The Last Mountain Man

Thomas Curwen: Frost glistens on the meadow grass. The sun has yet to crest Church Creek Divide, and on his last day in the cabin, Jack English isn’t about to break from routine. He swings his legs out of the bunk.

“Good morning,” he says quietly to Mary. Her ashes are in a small box on the narrow shelf at the head of the bed.

She’s been gone 12 years. He takes her wherever he goes, but in this far-away valley they shared and in this home they built, he feels closest to her.

He tries to pull on his boots. The swelling in his feet from the gout has gone down, but his fingers have a hard time keeping a grip. Old age-itis, he calls it, as if being 94 is a condition in and of itself.

“Dennis, I’m getting old,” he calls out to his son. “Can you help me?”

Jack knows he has a reputation. It’s nothing he ever sought. But not too many old men would choose to live in a cabin five miles from any road — and that, a winding mountain track far removed from the nearest city, Carmel.
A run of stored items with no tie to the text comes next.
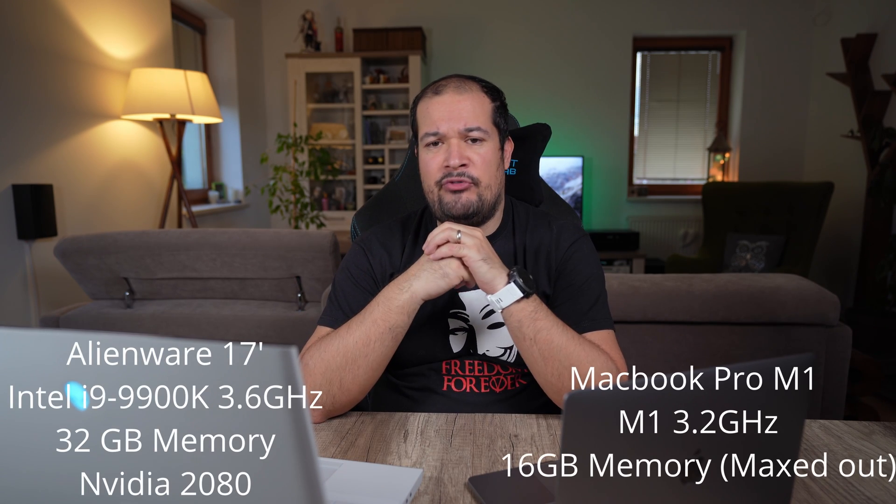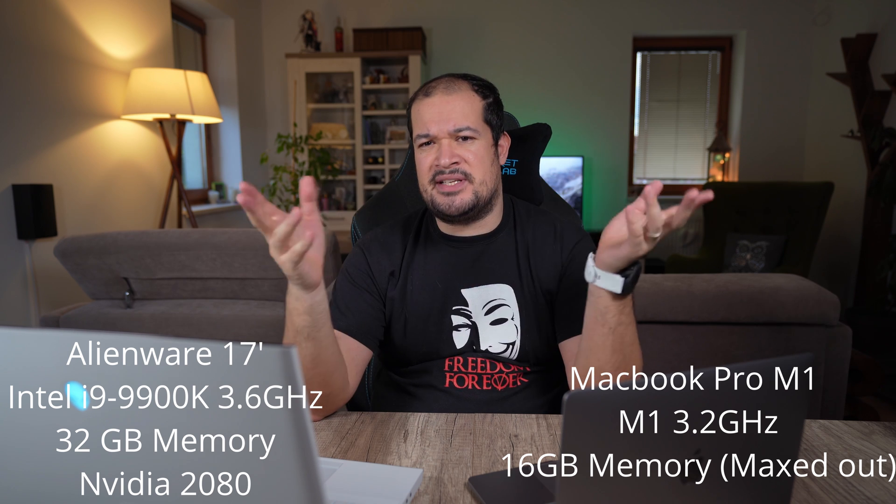Hi guys, welcome to another video. Today I'm going to finally review the new MacBook Pro M1 against this Alienware machine I have here. I've been looking for an upgrade for a while now and people are saying so many good things about the Mac M1 that it made me really consider getting one.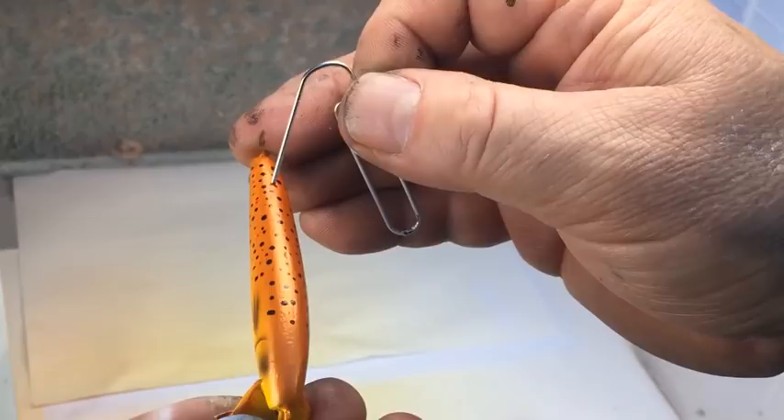I hope you enjoyed the tutorial. Don't forget to check out my website at makewoodenlures.com for more tips, templates and tutorials. Bye for now.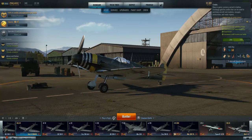Hey fellas, it's Xam again, and I'm bringing you the review and some gameplay of the tier 6 German premium Spitfire. This thing is affectionately known — or an actual nickname for it — as the Messerspit.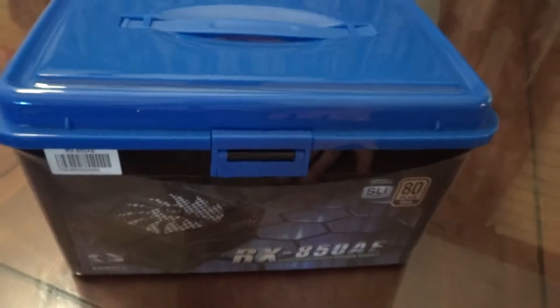It comes in this little case you can carry it around if you'd like to. I'm probably not going to do that — I'll probably just leave it in one place until I do the build video.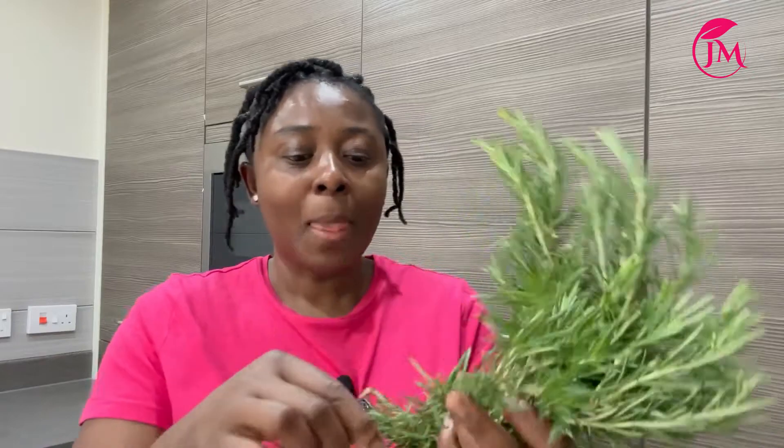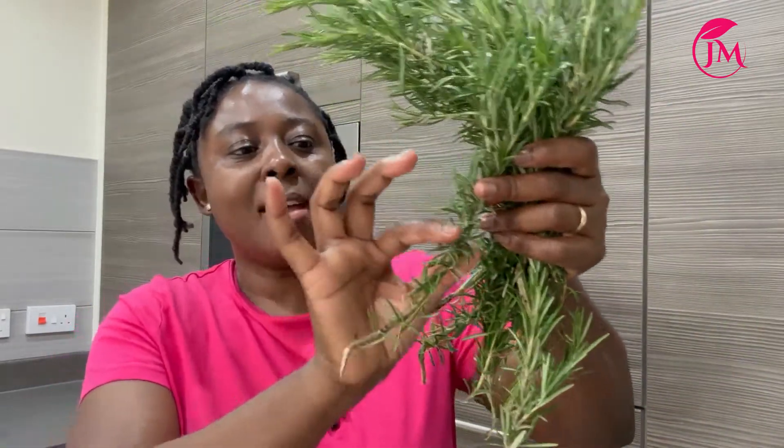I'm going to regrow some by taking a part of this, scraping it, then dipping it in water for about a week or two to see if I get rooting, and then putting it in the soil. I'll water it regularly, and for about a year I would see growth.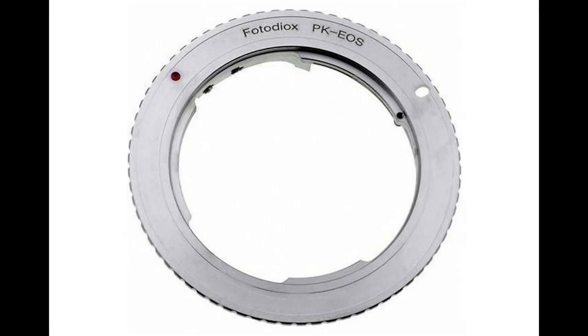You'll need a K-mount adapter — an EOS K-mount adapter — obviously a K-mount lens and a camera. And then you'll also need some packing tape, a little screwdriver, and maybe a razor blade or a knife or something. You can improvise, it's okay.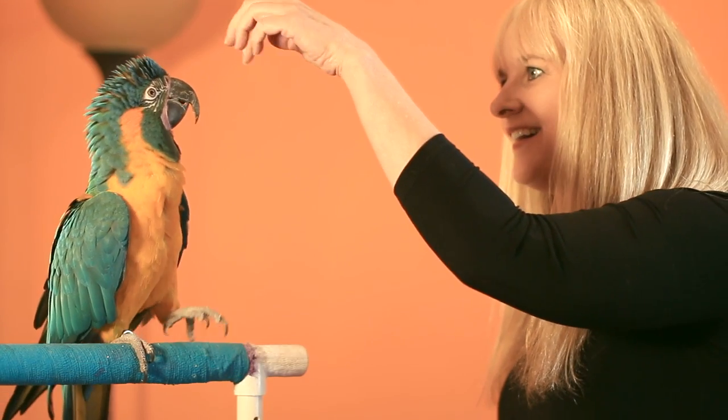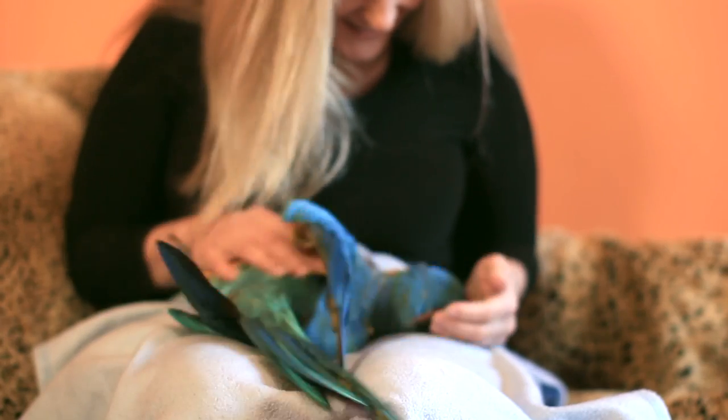Barbara Heidreich here from Barbara's Force-Free Animal Training with some advice on how to train your macaw. Everybody loves a well-trained, well-behaved, interactive companion parrot, and positive reinforcement training can really help you achieve that goal.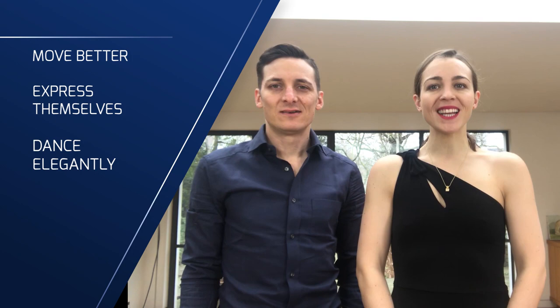Hi there! Hi! We are Pablo and Anne from Tango Space, where we help men and women in London and in Paris to move better, express themselves, dance elegantly and meet friendly people with our Tango lessons.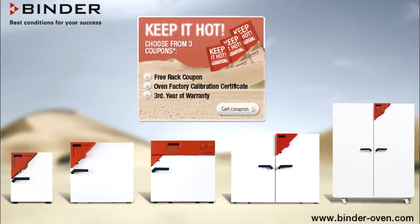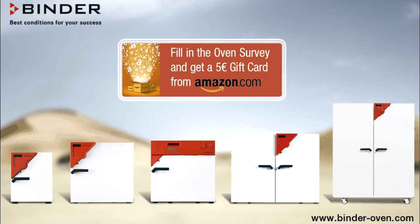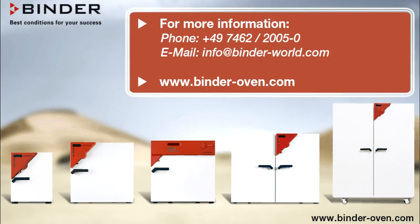Whatever your application may be, Binder has an oven that will meet your needs and provide superior performance for your investment. For more information, contact your Binder representative today. Binder, best conditions for your success.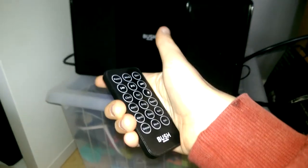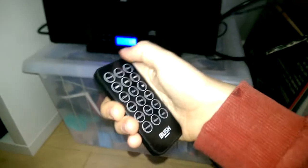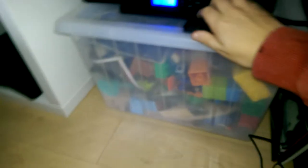It also has FM and it has Bluetooth. This is auxiliary and this is back to CD. So it has CD, FM, Bluetooth, and aux — so yeah, that's pretty much it.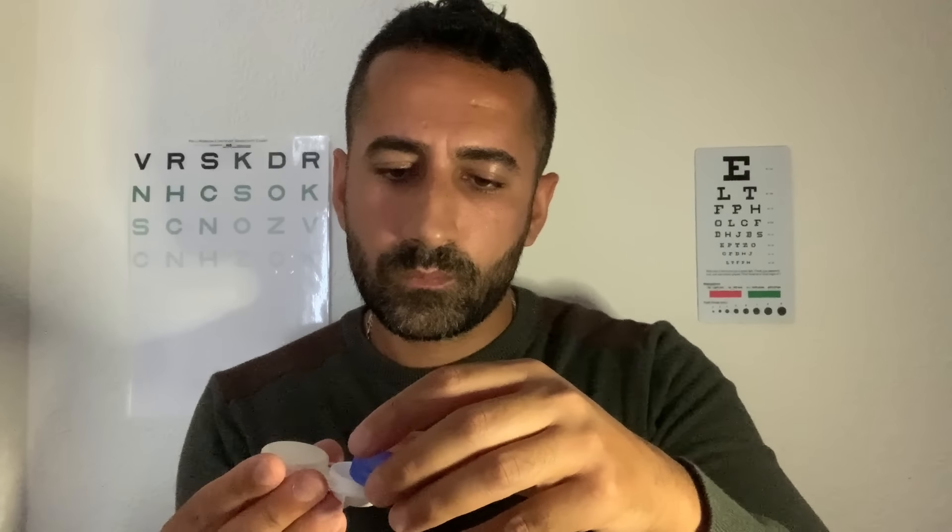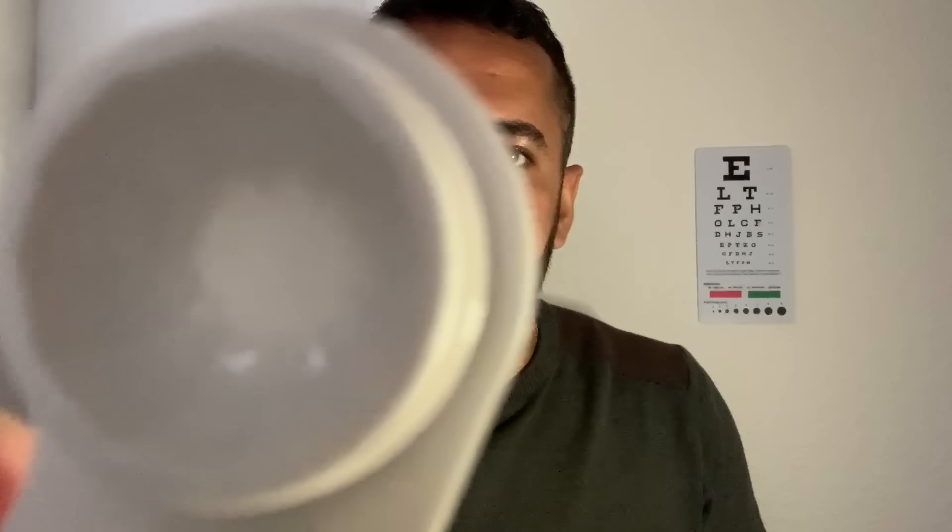Moving on, we have the contact lens cases here — I have two to show you. They make very relaxing sounds. Your solution and contact lens go in there, stored overnight. The second contact lens case is slightly deeper and is also marked up right and left for you. There is your storage pot for contact lens and solution.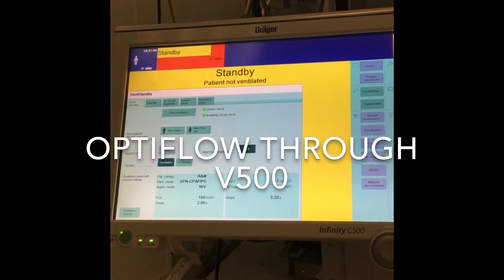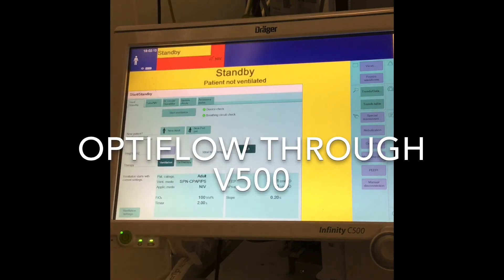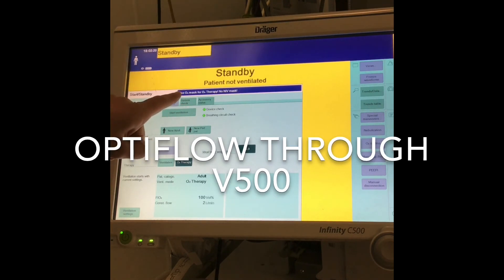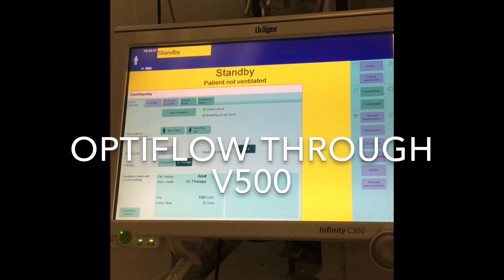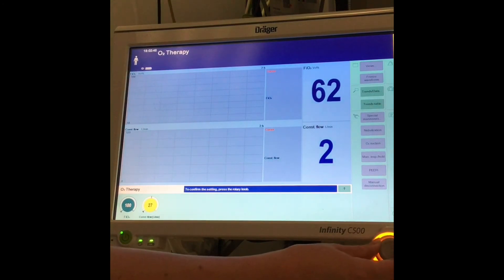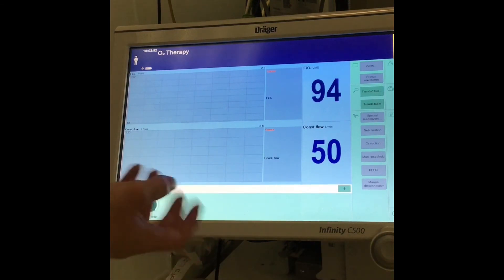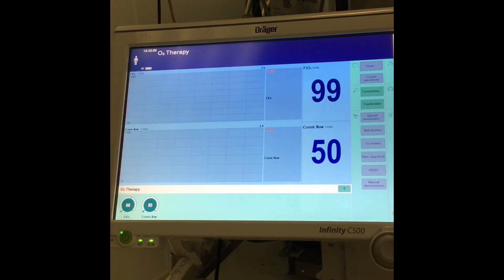Now for OptiFlow: it has to be a warm humidified circuit to use OptiFlow through the ventilator. From the main front screen, select O2 therapy and confirm it with the dial. There's a warning which says use O2 mask for O2 therapy and not NIV mask, so connect your normal OptiFlow either nasal cannula or trache connection. Hit start ventilation. At the bottom you've got your litres per minute — it only goes up to 50, whereas OptiFlow goes up to 60. Then tweak your oxygen as you normally would.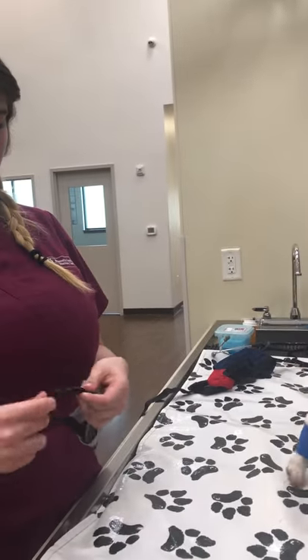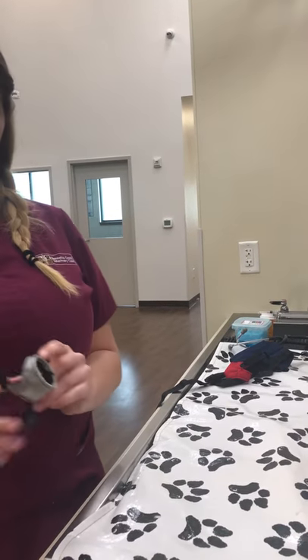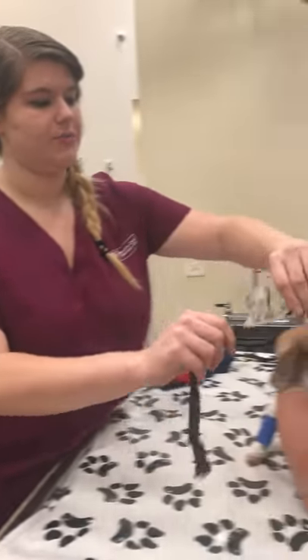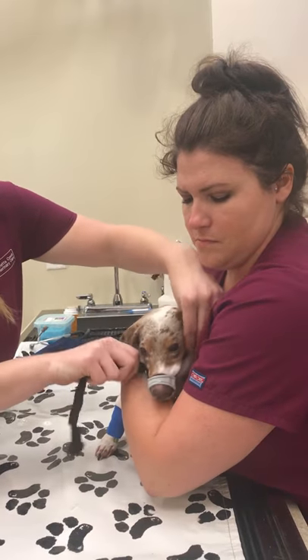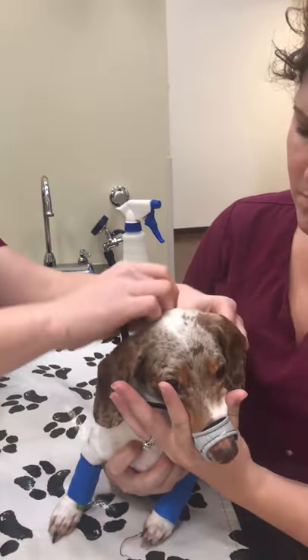Unbuckle the muzzle and make sure you have it pulled out enough. The small part goes on the top, and you're going to put it around the patient's muzzle there, behind the ears.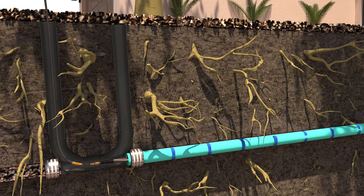Once fully cured, the air bladder is deflated and removed, leaving a fully rehabilitated pipeline. Lateral lines blocked by the new liner are then reopened by a robotic grinder.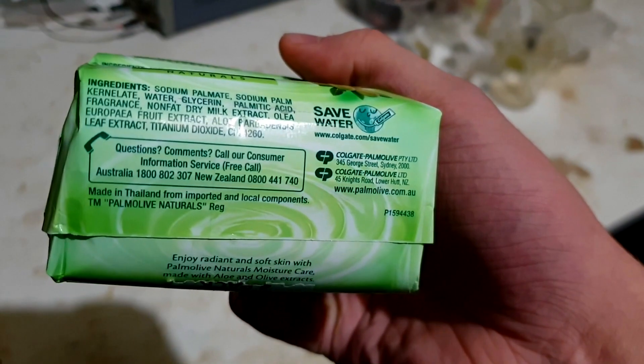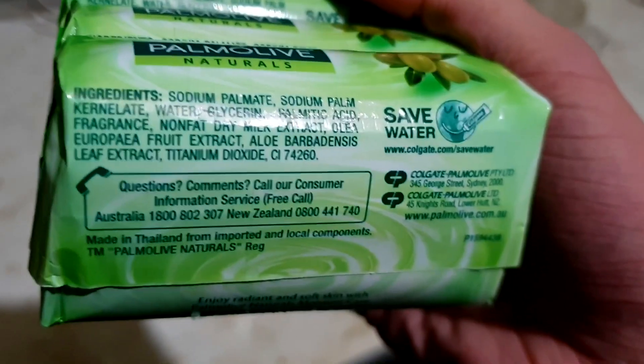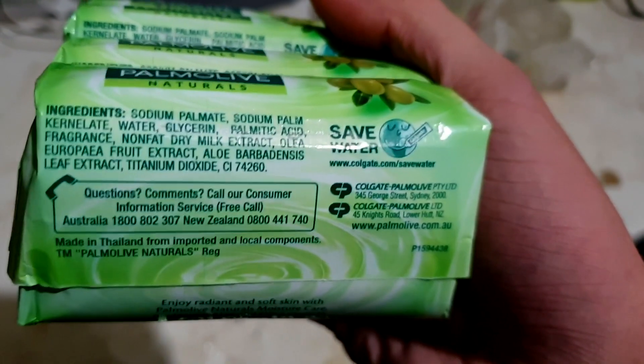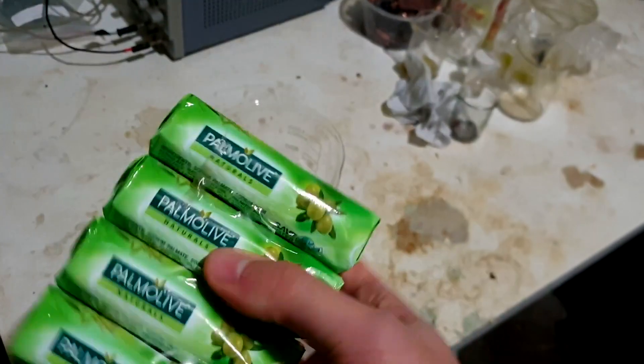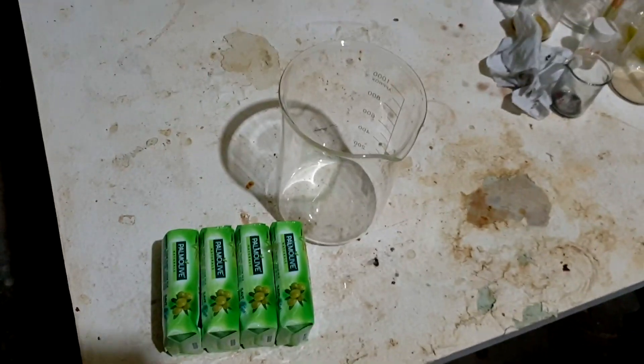We read the ingredients: sodium palmate — palmate? — sodium palmate, sodium palm kernelate, don't really know this one, water, glycerin, blah blah blah, palmitic acid. We are going to dissolve a whole lot of this in water. I reckon two blocks should do — what are they? 85 gram blocks. So we'll get some hot water going.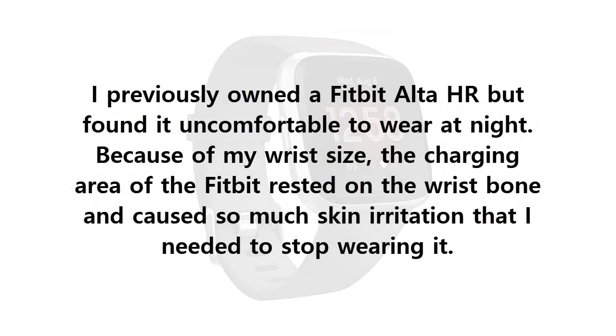I previously owned a Fitbit Alta HR but found it uncomfortable to wear at night. Because of my wrist size, the charging area of the Fitbit rested on the wrist bone and caused so much skin irritation that I needed to stop wearing it.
Visitors have called him the last of the mountain men, a local treasure, a friendly beacon in the middle of the forest.

He lived here by himself for 10 years after Mary died. But since his heart attack last December, he’s not quite been the same, and whenever he talks about returning to the cabin to live, his family says no. It would be too dangerous: One fall and that could be it.